New Razorback head coach Sam Pittman knows the overall trend is toward more transferring. He’s already seen Razorbacks Nick Starkel, Collin Clay and Jordan Jones enter the portal.

But that doesn’t mean he has to like it.

“We’re teaching our kids that when times get tough, let’s just go somewhere else. That’s not going to help them in the future. It’s not gonna help them in any shape or form,” Pittman said recently on The Buzz 103.7 FM.

“We’re here to take a young man into a grown man and in more ways than on the football field. And when times get tough, you got to buckle down and you have to make them better. That transfer portal is killing us with numbers on our scholarship numbers. It’s tough on college football coaches because of attrition you have every year.”

“If they choose to transfer somewhere else, then that’s their business. And we only want people that will live and die for the Razorbacks on our football team and on our staff. And so if they want to transfer, we wish him well, but I want guys that want to be here.”

Sam Pittman’s distaste for the transfer portal isn’t surprising given his past. He started out as a high school coach in Missouri in the late 1980s, then coached at the junior college ranks before breaking into college football in the mid 1990s. He has never coached in the NFL.

Unlike Musselman, his background isn’t primarily player-first.

Still, Pittman isn’t a dunce. He knows that as much as the portal has hurt the team so far, it can help it too — as it has Musselman’s team with the likes of Jimmy Whitt and Jeantal Cylla.

When Pittman thinks transferring is warranted

“It has to do with the position. Let’s use a quarterback for instance. If you’re a quarterback and you could see that you’re not ever get on the field, or you graduated and you want make it to a little bit bigger conference or things like that. To me, it’s a little bit different.”

-Sam Pittman to Justin Acri and Wess Moore

Pittman added situations differ, and communication is key to understand that. When it comes to a player considering entering the portal, “we have to figure out why he’s not happy or why he wants to transfer. Every kid’s story is a little bit different. But if we decide that it’s for the right reason and not running away from necessarily competition, or maybe it’s a situation that he and his coach or that whatever that may be. If we deem that the young man is transferring for the right reason then [the conversation] will certainly be interesting. “

What about JUCO players?

Although Pittman has a background in JUCO ball, and has already filled his staff with assistants who share that background, he’s not looking to lean on JUCO players as a “quick fix” for the 2020 Razorbacks.

“We certainly have to leave some scholarships available for transfers or grad transfers,” Pittman said in a press conference. “Right now, it doesn’t seem to be too big of a problem, you know. We will fix that when it comes, but we obviously are in the transfer market at different positions.”
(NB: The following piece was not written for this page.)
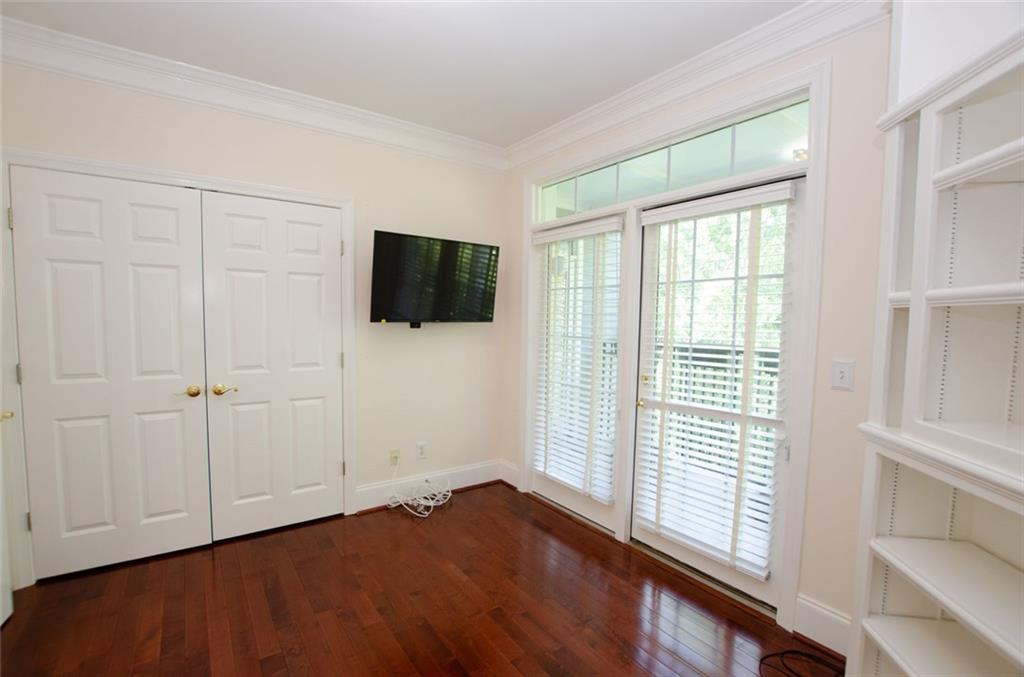4100 Paces Walk Southeast, Unit 1305 Atlanta, GA 30339 - Photo 34 of 45 a view of a livingroom with an empty space and a window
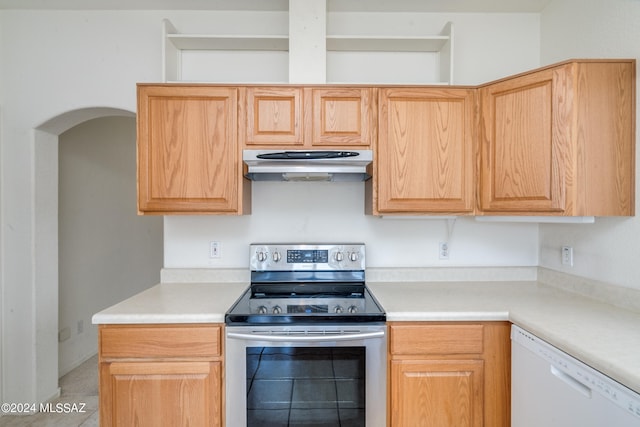 kitchen with light brown cabinetry, tile patterned floors, dishwasher, and stainless steel range with electric cooktop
“Junior college wise, I never want to go heavy junior college because I think we can build our team young. I just want the best players we can get, so if we can go into the junior colleges and get one, two or three outstanding players that we think can change our program immediately, you have to be right on that now, you have to be correct on your evaluation. I don’t think we’d ever sign a whole huge number of junior college players just because I believe you have to base your whole program out of freshman and start in the state of Arkansas.”

Will Rakeem Boyd Return?

Running back Rakeem Boyd has been the hands-down MVP of the Razorback offense the last two seasons. As bad as things have been, they would be even worse without the amazing runs and effort he’s put forth.
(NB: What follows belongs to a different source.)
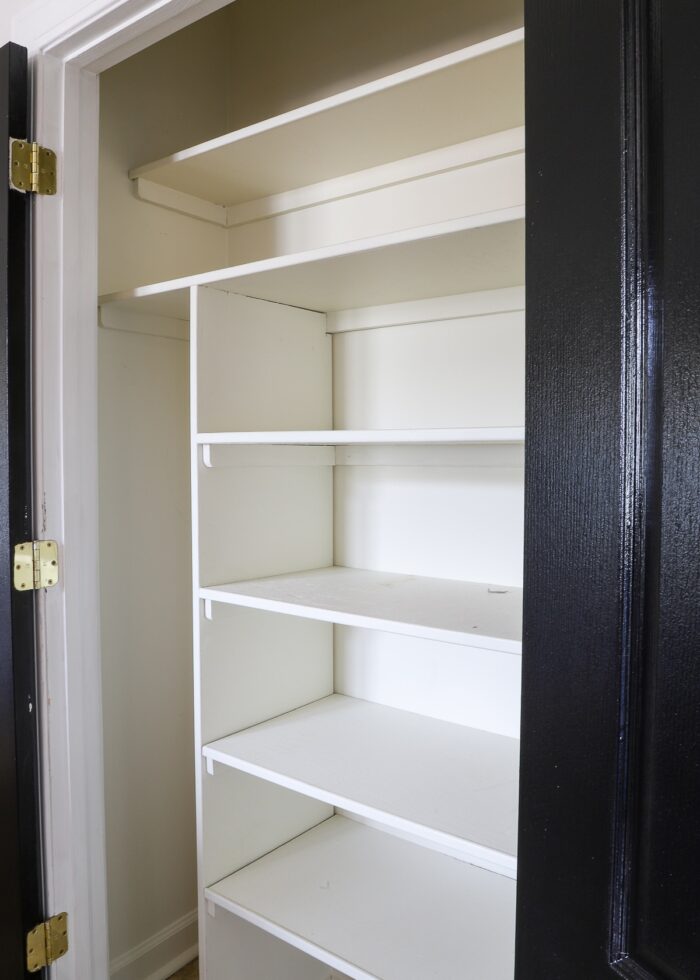 Empty pantry with wooden shelves and black doors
See Boyd do jersey No. 5 right below:

Now Boyd, a junior, must weigh whether he could improve his NFL Draft by returning for a senior year and, if so, by how much.

So, will he return?

“I think he’s going to have to let you know what he’s doing it,” Pittman said. “I do know that every coach texted him this morning and told him how much we’d love to have him back. He’s a wonderful kid and we’re going to support him, whatever he does.”

“We’ve had several conversations with him about it, laid out the facts of where he is in the draft right now. That’s up to him. Obviously, we need him back. We want him back.”